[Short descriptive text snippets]
====

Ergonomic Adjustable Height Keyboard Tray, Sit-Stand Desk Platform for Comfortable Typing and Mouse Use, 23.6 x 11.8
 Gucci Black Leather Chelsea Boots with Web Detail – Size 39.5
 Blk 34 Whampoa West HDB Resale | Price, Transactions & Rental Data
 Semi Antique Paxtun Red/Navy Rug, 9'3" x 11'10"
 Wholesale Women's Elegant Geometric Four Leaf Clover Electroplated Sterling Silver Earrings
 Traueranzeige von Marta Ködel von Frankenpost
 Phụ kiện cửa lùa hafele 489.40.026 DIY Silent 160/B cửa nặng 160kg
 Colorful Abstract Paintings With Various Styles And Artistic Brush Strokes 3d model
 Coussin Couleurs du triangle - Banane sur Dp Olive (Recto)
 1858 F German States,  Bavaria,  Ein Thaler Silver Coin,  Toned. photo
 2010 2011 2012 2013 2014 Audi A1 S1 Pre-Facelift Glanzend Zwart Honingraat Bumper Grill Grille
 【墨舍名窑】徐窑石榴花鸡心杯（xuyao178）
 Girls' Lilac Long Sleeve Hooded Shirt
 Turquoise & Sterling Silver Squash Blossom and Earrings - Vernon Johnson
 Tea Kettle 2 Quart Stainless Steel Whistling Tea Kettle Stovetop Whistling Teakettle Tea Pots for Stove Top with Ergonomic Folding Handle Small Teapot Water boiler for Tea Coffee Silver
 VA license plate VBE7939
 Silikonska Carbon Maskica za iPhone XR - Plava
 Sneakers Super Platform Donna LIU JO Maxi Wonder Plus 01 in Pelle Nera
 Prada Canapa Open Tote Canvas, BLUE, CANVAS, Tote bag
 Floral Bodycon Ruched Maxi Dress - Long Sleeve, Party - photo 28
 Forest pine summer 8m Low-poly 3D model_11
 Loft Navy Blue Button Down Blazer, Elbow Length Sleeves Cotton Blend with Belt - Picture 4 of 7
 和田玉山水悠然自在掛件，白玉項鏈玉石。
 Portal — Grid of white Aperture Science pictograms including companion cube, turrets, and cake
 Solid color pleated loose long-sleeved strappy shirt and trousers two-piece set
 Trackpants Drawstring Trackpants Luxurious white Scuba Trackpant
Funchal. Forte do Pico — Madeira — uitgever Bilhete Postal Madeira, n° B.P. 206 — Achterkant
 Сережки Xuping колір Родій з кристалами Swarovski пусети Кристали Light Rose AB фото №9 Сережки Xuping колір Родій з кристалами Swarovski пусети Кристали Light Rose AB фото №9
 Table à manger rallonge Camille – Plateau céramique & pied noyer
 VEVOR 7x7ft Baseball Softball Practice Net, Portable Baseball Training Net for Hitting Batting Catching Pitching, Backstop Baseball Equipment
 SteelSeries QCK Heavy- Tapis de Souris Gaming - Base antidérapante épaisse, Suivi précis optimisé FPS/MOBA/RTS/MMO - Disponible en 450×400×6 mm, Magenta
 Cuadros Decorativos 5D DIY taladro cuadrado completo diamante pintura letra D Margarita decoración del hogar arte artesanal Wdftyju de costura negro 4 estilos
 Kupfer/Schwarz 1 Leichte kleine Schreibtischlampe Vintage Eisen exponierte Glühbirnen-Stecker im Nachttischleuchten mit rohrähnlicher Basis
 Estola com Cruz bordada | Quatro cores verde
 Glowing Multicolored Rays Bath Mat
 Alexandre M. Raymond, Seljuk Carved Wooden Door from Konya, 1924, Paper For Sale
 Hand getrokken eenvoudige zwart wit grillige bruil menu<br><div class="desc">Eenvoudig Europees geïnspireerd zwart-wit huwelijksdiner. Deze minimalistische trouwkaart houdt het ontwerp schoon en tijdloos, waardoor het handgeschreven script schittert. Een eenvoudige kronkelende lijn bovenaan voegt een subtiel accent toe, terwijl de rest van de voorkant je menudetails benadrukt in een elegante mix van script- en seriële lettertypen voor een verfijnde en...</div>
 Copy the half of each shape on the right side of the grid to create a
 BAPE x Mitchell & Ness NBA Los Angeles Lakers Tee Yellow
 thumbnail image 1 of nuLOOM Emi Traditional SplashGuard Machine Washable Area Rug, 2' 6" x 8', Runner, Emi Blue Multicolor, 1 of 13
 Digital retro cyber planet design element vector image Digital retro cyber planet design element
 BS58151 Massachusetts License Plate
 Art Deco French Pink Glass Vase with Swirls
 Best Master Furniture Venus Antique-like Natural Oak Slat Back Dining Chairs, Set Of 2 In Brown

====

- _About this exercise_:
Retype the records above exactly, from their first line through the line that contains "Semi Antique Paxtun", and stop there.

- _Completed exercise_:
Ergonomic Adjustable Height Keyboard Tray, Sit-Stand Desk Platform for Comfortable Typing and Mouse Use, 23.6 x 11.8
 Gucci Black Leather Chelsea Boots with Web Detail – Size 39.5
 Blk 34 Whampoa West HDB Resale | Price, Transactions & Rental Data
 Semi Antique Paxtun Red/Navy Rug, 9'3" x 11'10"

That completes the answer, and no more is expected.